Latency has a habit of hiding inside words that sound efficient.

“Constant decoding cost” is one of those phrases. It suggests a clean engineering promise: linear attention avoids the context-length explosion of softmax attention, so long-context inference should become simpler, cheaper, and less melodramatic. Very nice. The GPU accountants, however, have not retired.

The paper KVBuffer: IO-aware Serving for Linear Attention makes a narrower and more useful point: linear attention may avoid growing KV caches, but existing serving systems still touch a large recurrent state at every decoding step, and that state can dominate memory traffic.1 In other words, linear attention does not abolish the cost problem. It changes the shape of the bill.

That is why this paper is best read as a serving-systems paper, not a model-architecture announcement. KVBuffer does not claim a new foundation model. It does not claim that linear attention has solved long-context reasoning. It asks a more operational question: if hybrid linear-attention models are going to be served at scale, why are we still treating the recurrent state as something that must be read and written on every token?

The answer is not glamorous. It is buffering.

And, inconveniently for people who prefer architecture diagrams over memory diagrams, buffering is exactly where the business value lives.

The misleading comfort of constant-time decoding

The reader’s likely misconception is reasonable: if linear attention has constant decoding cost with respect to context length, recurrent decoding should be the natural serving method. It keeps a fixed-size state, avoids storing all historical keys and values, and seems to deliver the long-context efficiency story in its purest form.

That belief is half right and therefore dangerous.

In recurrent linear attention, the model maintains a state matrix $S_t$. A simplified version looks like this:

$$ S_t = S_{t-1} + k_t^T v_t $$

$$ o_t = q_t S_t $$

This is attractive because the serving system does not need to scan the whole context. The old information is compressed into a fixed-size state. The context length can grow; the state size does not.

But fixed-size does not mean small. In Qwen3-Next’s Gated DeltaNet layer, the paper reports a linear-attention state of about 2 MB. The authors emphasize that this state is often larger than the per-token key and value by two orders of magnitude. Existing serving systems such as vLLM-style and SGLang-style linear-attention serving typically read and write that full state at every decoding step.

So the old story was:

Softmax attention is expensive because context grows.

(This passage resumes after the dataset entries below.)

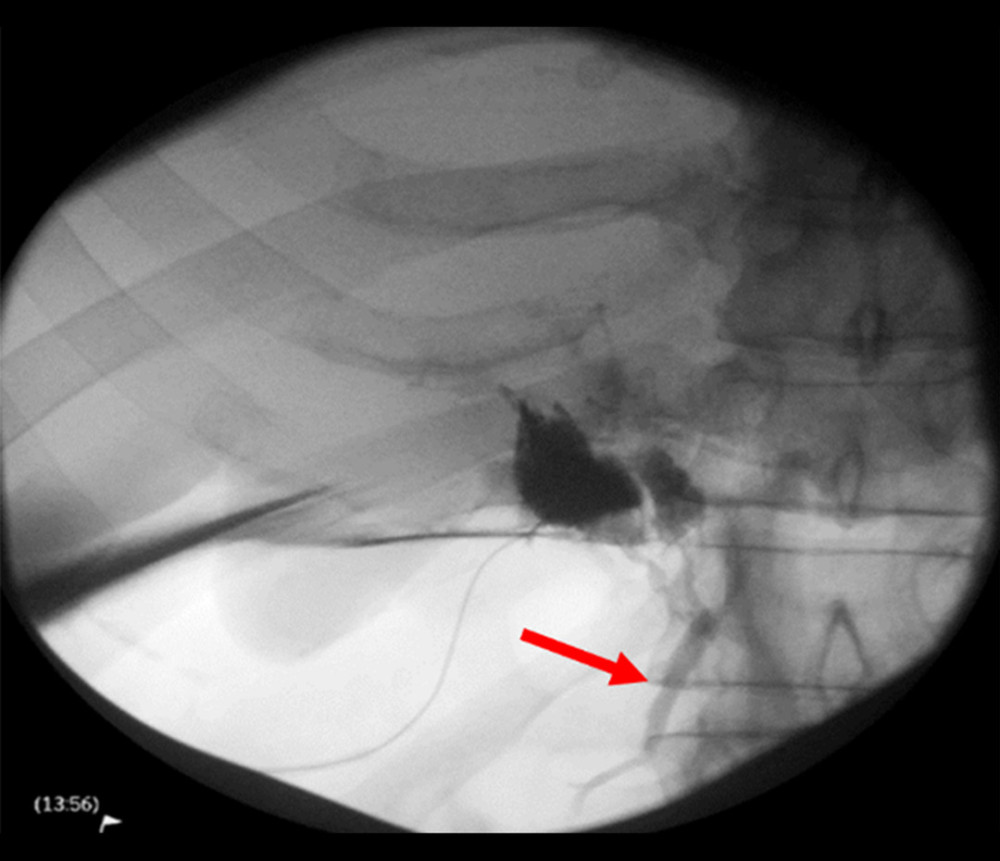 Intra-operative cholangiogram showing a patent common bile duct (arrow) without stones.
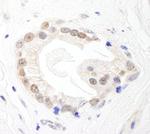 BRF1 Antibody in Immunohistochemistry (Paraffin) (IHC (P))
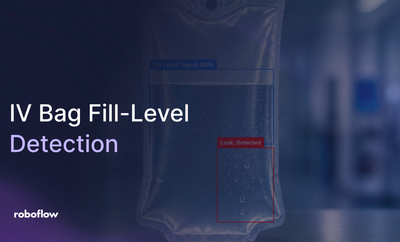 IV Bag Fill-Level and Leak Detection with AI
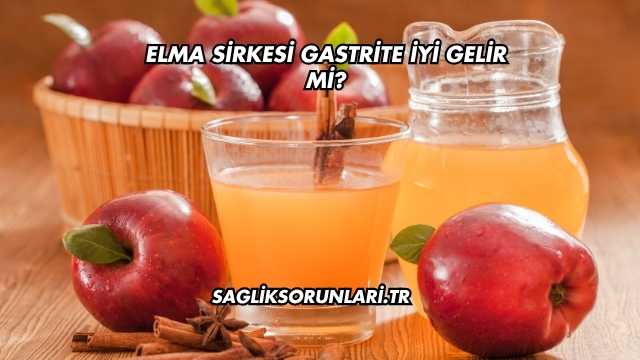 Elma Sirkesi Gastrite İyi Gelir mi?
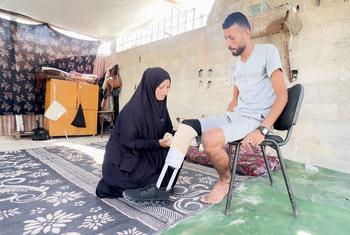 Ibrahim Abdel Nabi, un palestino desplazado en Gaza, sentado en una silla mientras su esposa le ayuda a ponerse la prótesis hecha a mano.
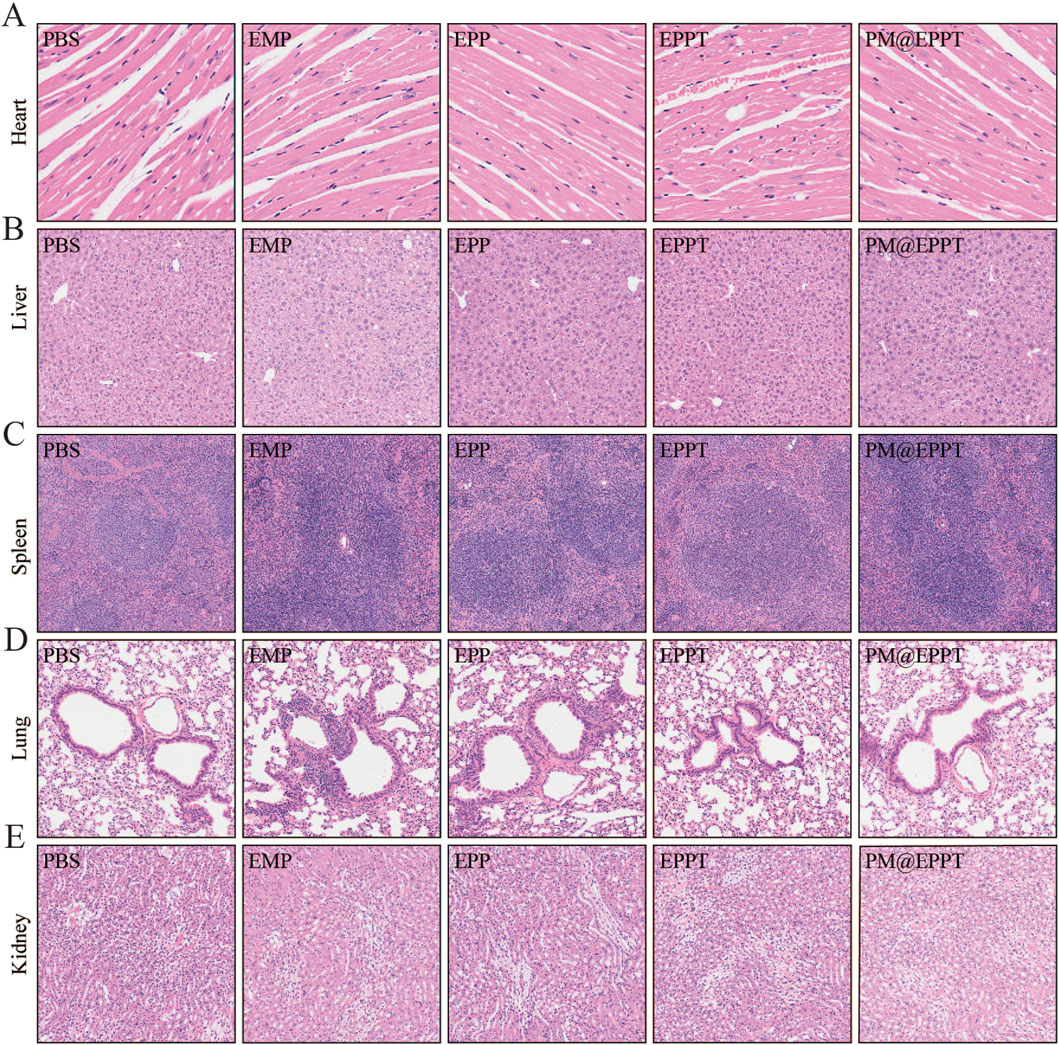 Histological sections of various organs (heart, liver, spleen, lung, kidney) in a grid pattern. Each row represents an organ with five conditions: PBS, EMP, EPP, EPPT, and PM@EPPT. The images display tissue structure variations under these conditions.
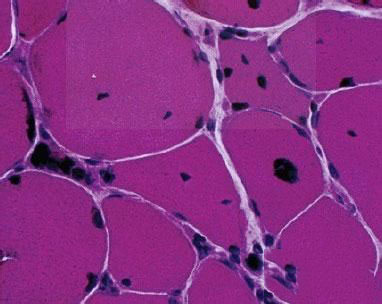 HE染色的实验原理方法及注意事项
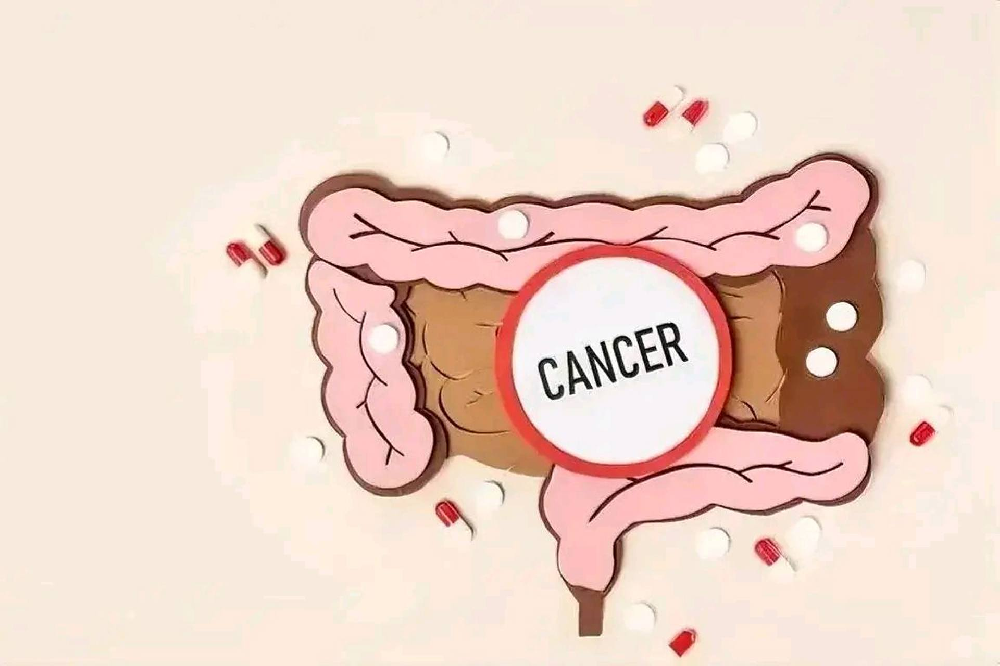 “腸道殺手” 悄無聲息！結腸癌的類型、分期、症狀與治療全攻略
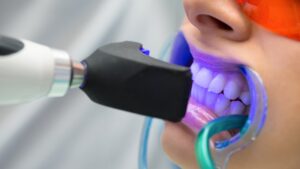 blanqueamiento dental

The paper’s correction is:

Linear attention can still be expensive because the state is large and touched too often.

This is a serving-level shift. The bottleneck moves from “how much history do we store?” to “how often do we move the state through memory?” It is less cinematic than quadratic attention, but GPUs are rarely moved by cinema.

KVBuffer changes the schedule, not the model

KVBuffer’s core idea is simple: keep a buffer of recent keys and values, use that buffer to compute outputs for recent tokens, and delay updates to the large linear-attention state until the buffer is full.

Instead of doing this every token:

read large state -> update large state -> write large state -> produce output

KVBuffer does this across a small cycle:

read large state + read small buffered KVs -> produce output
append new KV to buffer
...
when buffer is full: update large state once in batch -> write large state

The mechanism matters because the paper’s contribution is not “store more cache.” That would be the least inspiring possible interpretation. The contribution is that a small KV buffer lets the serving system switch among three computation forms of linear attention:

Computation form What is stored or used When it helps Operational meaning
Recurrent decoding A fixed linear-attention state Long-context decoding when state updates are tolerable Simple constant-state serving, but heavy state IO every token
Chunkwise decoding State plus a buffer of recent KVs Normal decoding where batched state updates amortize memory writes Lower average memory access by delaying state updates
KV-only decoding KVs only, no state yet Short contexts where all KVs are smaller than the state Avoid paying for a large state before it is useful

The accepted plan for this article was mechanism-first, and the paper confirms that choice. The interesting part is not the headline speedup. It is why the speedup exists, when it disappears, and what kind of serving infrastructure can exploit it.

Chunkwise decoding turns state updates into a batch expense

The main design path is chunkwise decoding.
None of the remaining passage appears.